Defines functions `fitGOProfile`

`fitGOProfile` <-
function(pn, p0, n = ngenes(pn),
    method = "lcombChisq", ab.approx = "asymptotic", confidence = 0.95, simplify=T)
{
#
# Does a "sample" GO profile 'pn', observed in a sample of 'n' genes, fit a
# "population" or "model" p0?
#
# Description:
# 'fitGOProfile' implements some inferential procedures to solve the preceding question.

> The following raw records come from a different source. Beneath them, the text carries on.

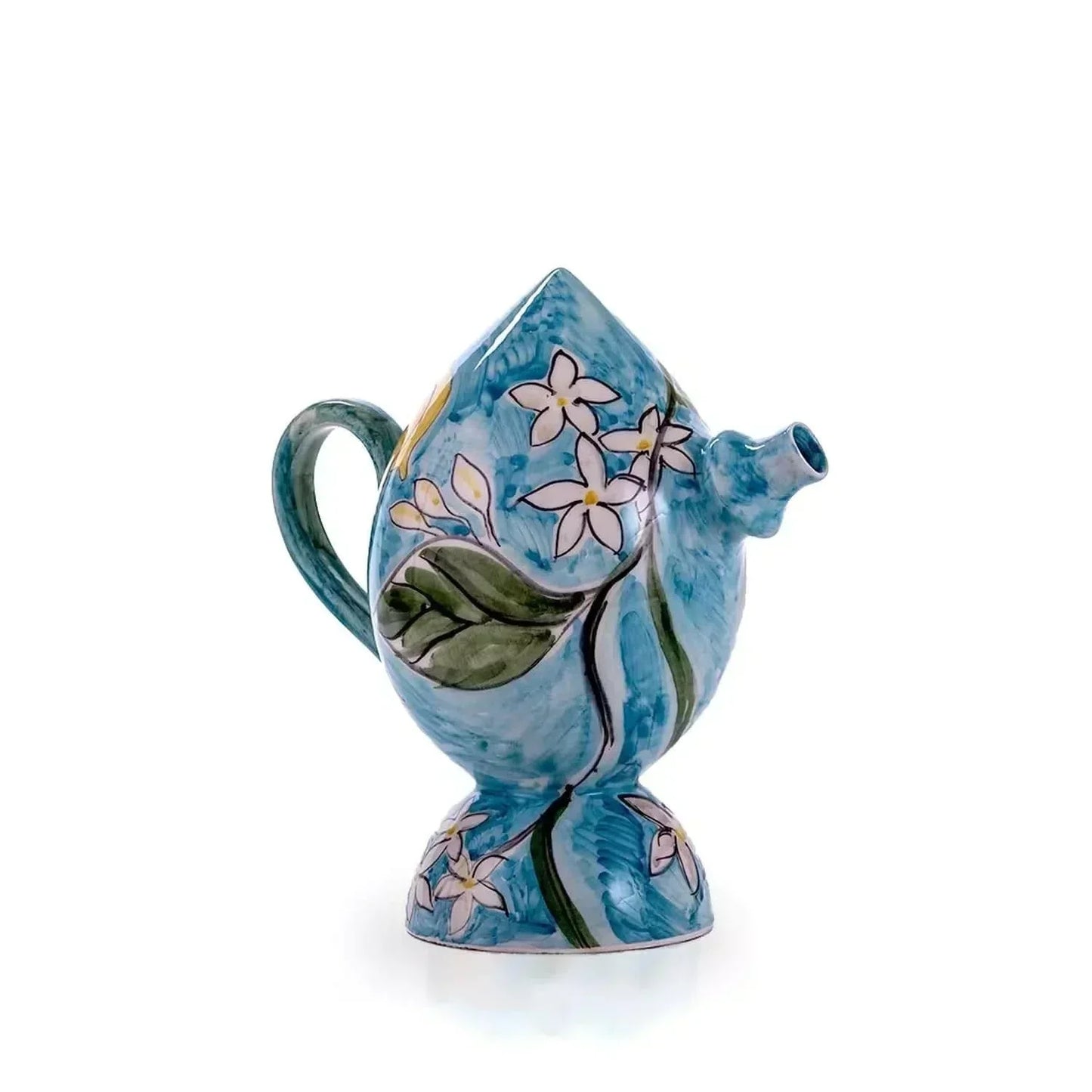 Bummulo "Bummulo Malandrino" Ceramic Sicilian Jug - Blue with Lemons and Orange Blossoms San Rocco Italia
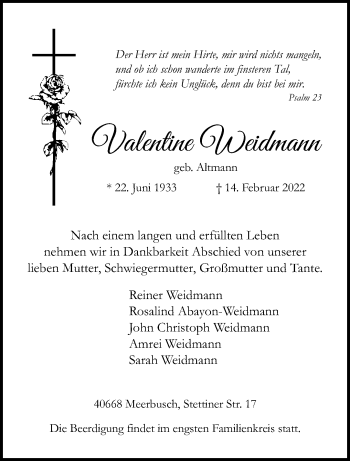 Traueranzeige von Valentine Weidmann von trauer.extra-tipp-moenchengladbach.de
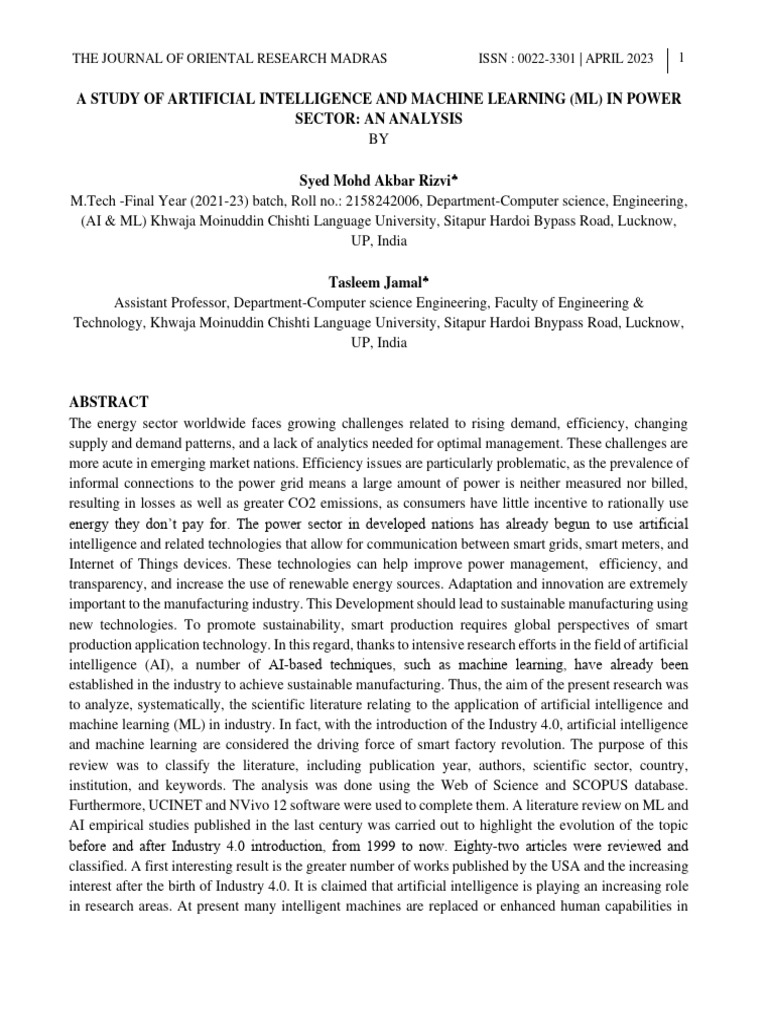 AI and ML Applications in Power Sector | PDF | Artificial Intelligence ...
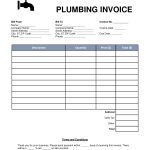Free Plumbing Invoice Template – Word | Pdf – Eforms In Plumbing Proposal Template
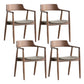 Contemporary Dining Chair 20'' Wide Open Arm Chair with 4 Wood Legs for Home Use Walnut Leather 4 Piece Set Clearhalo ' kitchen&dining_furn' 'Dining Chairs' 'Dining Tables & Seating' 'dining_chair' 'furn' 'furn_dining_chair' 'Furniture' 'furniture_dining_chair' 'Kitchen & Dining Furniture' 'kitchen' 3484765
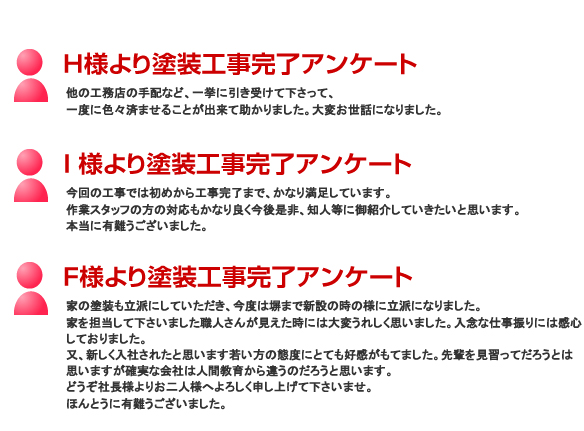H 様より塗装工事完了アンケート他の工務店の手配など、一挙に引き受けて下さって、一度に色々済ませることが出来て助かりました。大変お世話になりました。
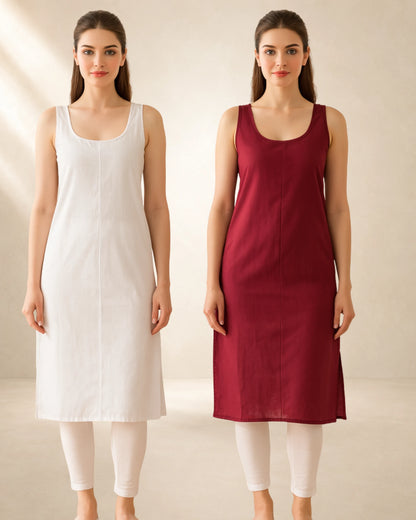 Women’s 41-Inch Long Inner Slip Combo – Maroon & White (Pack of 2) – product image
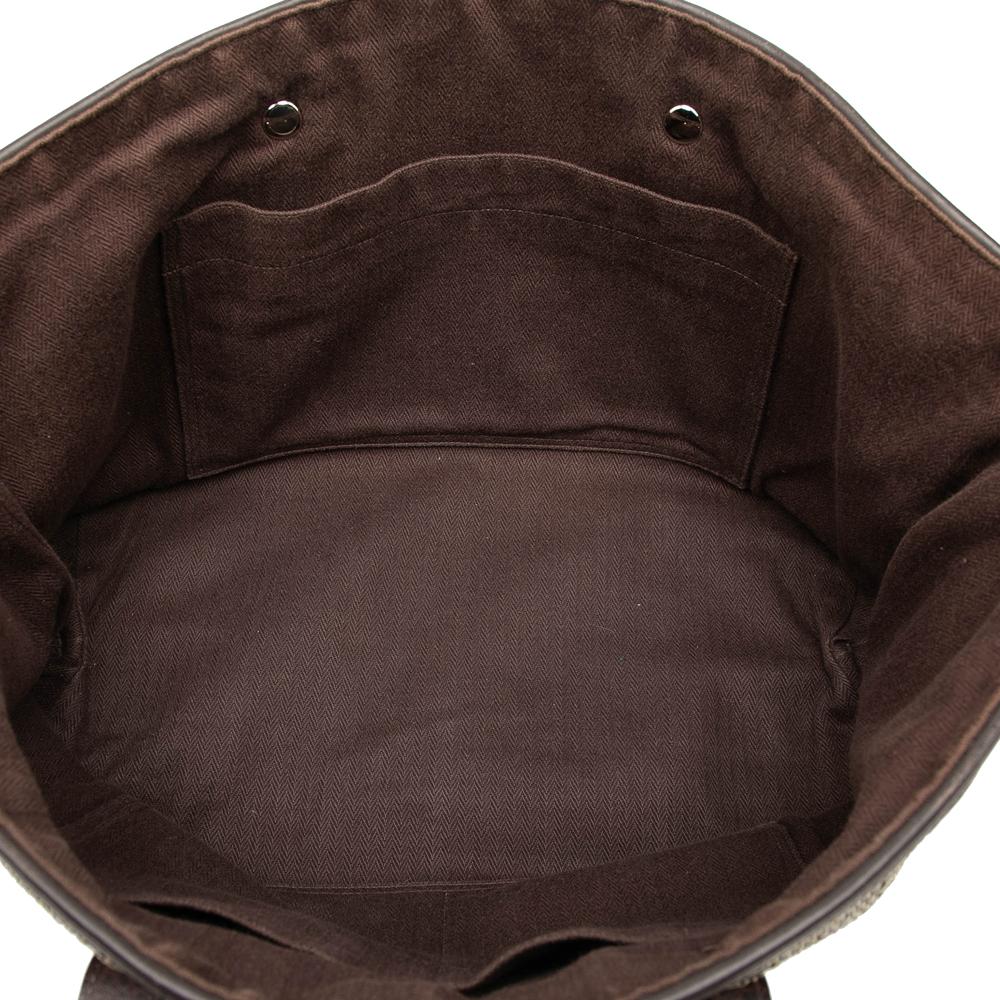 Hermès AB Hermès Brown Dark Brown Polyester Fabric and Leather Chennai MM India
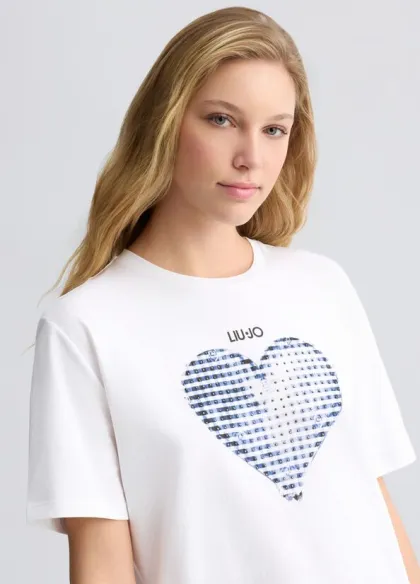 T-shirt con cuore e strass  | BorotalcoCagliari.it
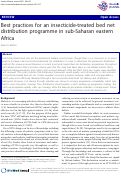 Cover page: Best practices for an insecticide-treated bed net distribution programme in sub-Saharan eastern Africa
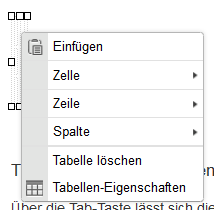Dialogfenster Tabelle rechte Maustaste Dialogfenster Tabelle rechte Maustaste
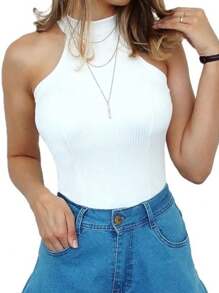 Women's Ribbed Turtleneck Tank Top With Padded Cup - 白色 - 查看 1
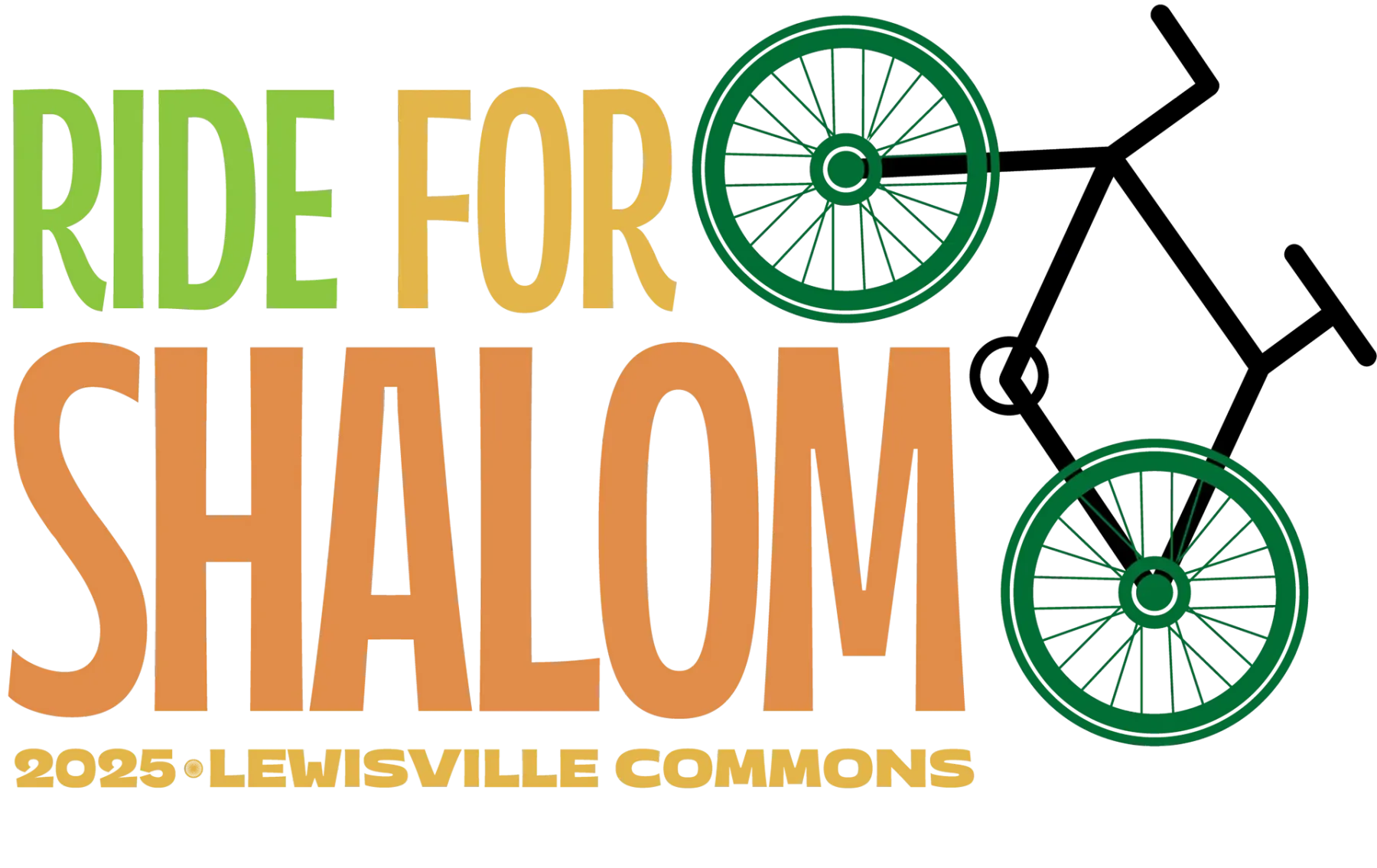 A logo development: Ride For in green and gold capitals above Shalom in orange, one letter O replaced by a green bicycle wheel, with a line-drawn bicycle frame extending to the right and 2025 Lewisville Commons set beneath.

# These procedures are based on asymptotic properties of the squared euclidean distance
# between the contracted versions of pn and p0
#
# Usage:
#   fitGOProfile(pn, p0, n = ngenes(pn),
#       method = "lcombChisq", ab.approx = "asymptotic", confidence = 0.95, simplify=T)
#
# Arguments:
# pn:           an object of class ExpandedGOProfile representing one or more
#               "sample" expanded GO profiles for a fixed ontology (see the 'Details' section)
# p0:           an object of class ExpandedGOProfile representing one or more
#               "population" or "theoretical" expanded GO profiles (see also the 'Details' section)
# n:            a numeric vector with the number of genes profiled in each column of pn.
#               This parameter is included to allow the possibility of exploring
#               the consequences of varying sample sizes, other than the true sample size in pn.
# method:       the approximation method to the sampling distribution under the null hypothesis "p = p0", where p is the
#               "true" population profile originating each column of pn. See the 'Details' section below
# confidence:   the confidence level of the confidence interval in the result
# simplify:     should the result be simplified, if possible? See the 'Details' section
#
# Details:
# An object of class 'ExpandedGOProfile' is, essentially, a 'data.frame' object
# with each column representing the relative frequencies in all observed node
# combinations, resulting from profiling a set of genes, for a given and fixed
# ontology. The row.names attribute codifies the node combinations and each
# data.frame column (say, each profile) has an attribute, 'ngenes', indicating the
# number of profiled genes. (Actually, the 'ngenes' attribute of each 'p0' column
# is ignored and is taken as if it were infinite, 'Inf'.)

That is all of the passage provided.